¹ Institute of Astrophysics, Foundation for Research and Technology – Hellas, N. Plastira 100, Voutes, GR-70013 Heraklion, Greece
² University of Crete, Department of Physics & Institute of Theoretical & Computational Physics, 70013 Heraklion, Greece
³ Department of Astrophysics, Institute for Mathematics, Astrophysics and Particle Physics (IMAPP), Radboud University, P.O. Box 9010 6500 GL Nijmegen, The Netherlands
⁴ Max-Planck-Institut für Radioastronomie, Auf dem Hügel 69, D-53121 Bonn, Germany
⁵ Department of Astrophysical Sciences, Peyton Hall, Princeton University, Princeton, NJ 08544, USA
⁶ Owens Valley Radio Observatory, California Institute of Technology, Pasadena, CA 91125, USA
⁷ Jodrell Bank Observatory, University of Manchester, Nr. Macclesfield, Cheshire SK11 9DL, UK

^⋆ Corresponding author; fpoetzl@ia.forth.gr

Received: 22 September 2024
Accepted: 17 January 2025

Abstract

Context. Dark matter (DM) remains poorly probed on critical sub-galactic scales, where predictions from different models diverge in terms of abundance and density profiles of halos. Gravitational lens systems on milli-arcsecond scales (milli-lenses) are expected for a population of dense DM halos (free-floating or sub-halos) and free-floating supermassive black holes (SMBHs) in the mass range of 10⁶ to 10⁹ M_⊙ that might partly be comprised of primordial black holes (PBHs).

Aims. In this paper, we aim to look for possible milli-lens systems via a systematic search in a large sample of radio-loud active galactic nuclei (AGN) observed with very long baseline interferometry (VLBI). We present the observational strategy to discriminate milli-lens systems from contaminant objects mimicking a milli-lens morphology.

Methods. In a pilot project, we have investigated VLBI images from 13 828 sources from the Astrogeo VLBI image database and reduced the number of lens candidates to 40 in a first step. We present here the images and analysis of new sensitive follow-up observations with the European VLBI network at 5 and 22 GHz and streamline our analysis to reject milli-lens candidates. By using constraints such as the surface brightness ratio, conservation of spectral shape, stability of flux ratios over time, and changes in morphology at higher frequencies, we can confidently discriminate between milli-lenses and contaminant objects that mimick them.

Results. Using the above constraints, we ruled out 31 of our initial 40 candidates of milli-lens systems, demonstrating the power of our approach. In addition, we found many new candidate compact symmetric objects (CSOs), which are thought to be primarily short-lived jetted radio sources.

Conclusions. Additional observations of the remaining candidates will be necessary to confirm or reject their nature as milli-lenses or CSOs.

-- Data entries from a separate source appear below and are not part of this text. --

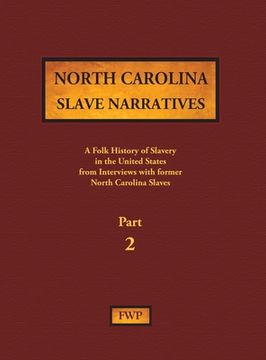 portada North Carolina Slave Narratives - Part 2: A Folk History of Slavery in the United States from Interviews with Former Slaves (en Inglés)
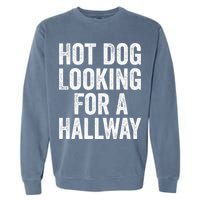 Hot Dog Looking For A Hallway Fast Food Funny Garment-Dyed Sweatshirt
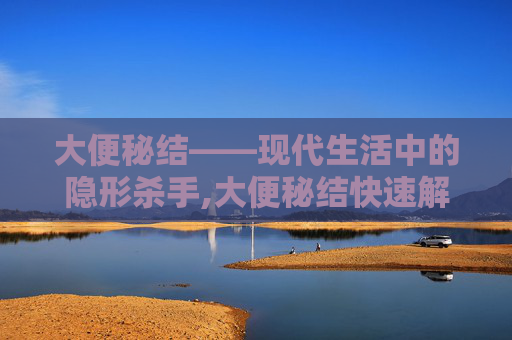 大便秘结——现代生活中的隐形杀手,大便秘结快速解决方法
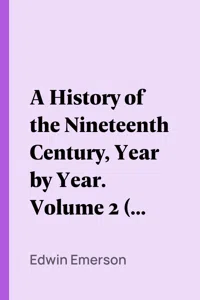 A History of the Nineteenth Century, Year by Year. Volume 2_cover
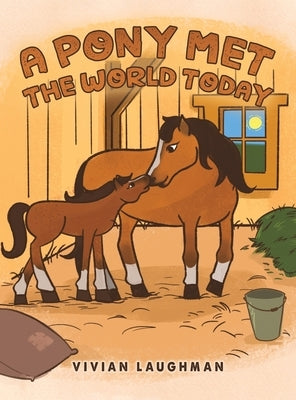 A Pony Met the World Today by Laughman, Vivian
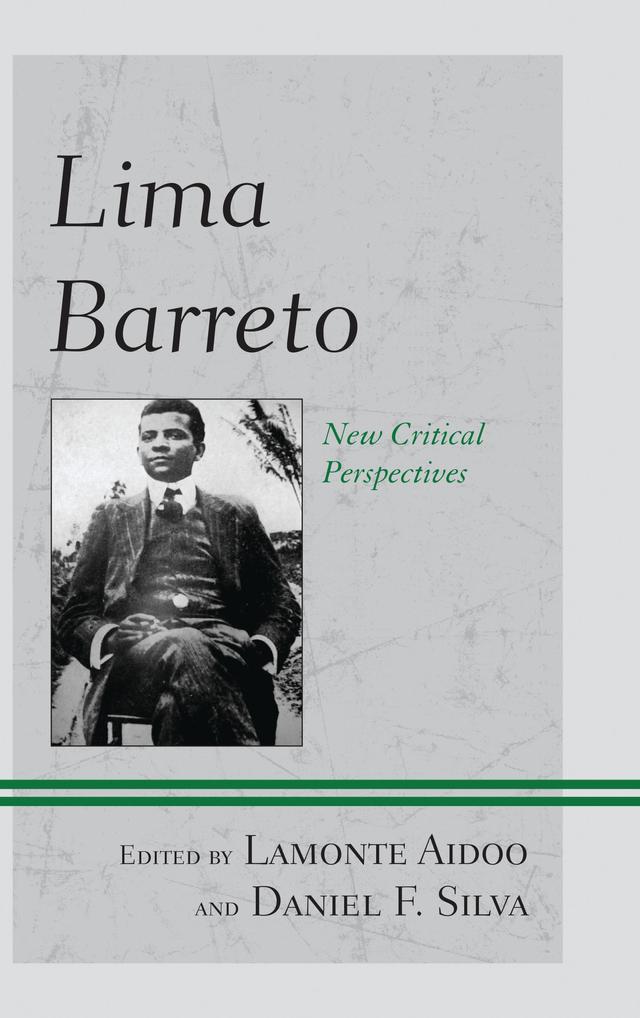 Lima Barreto by Daniel F. Silva, Earl  E. Fitz, Emanuelle   K. F. Oliveira, Lamonte Aidoo, Lilia  Moritz Schwarcz, Luiz  Fernando Valente, Marc   A. Hertzman, Mário Higa, Nelson   H. Vieira, Paulo da-Luz-Moreira, Renata   R. M. Wasserman, Robert Anderson, Talia Gúzman-González, Vivaldo   A. Santos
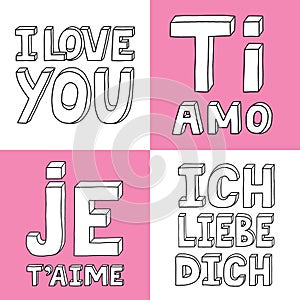 I love you in different languages, in German, French, English, Italian. Vector bold, trendy lettering with hand drawn outline in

This study serves as a pathfinder for the final sample used for the Search for MIlli-LEnses (SMILE) project, which will allow DM models to be constrained by comparing the results to theoretical predictions. This SMILE sample will consist of ∼5000 sources based on the VLA CLASS survey and will include many observations obtained for this project specifically.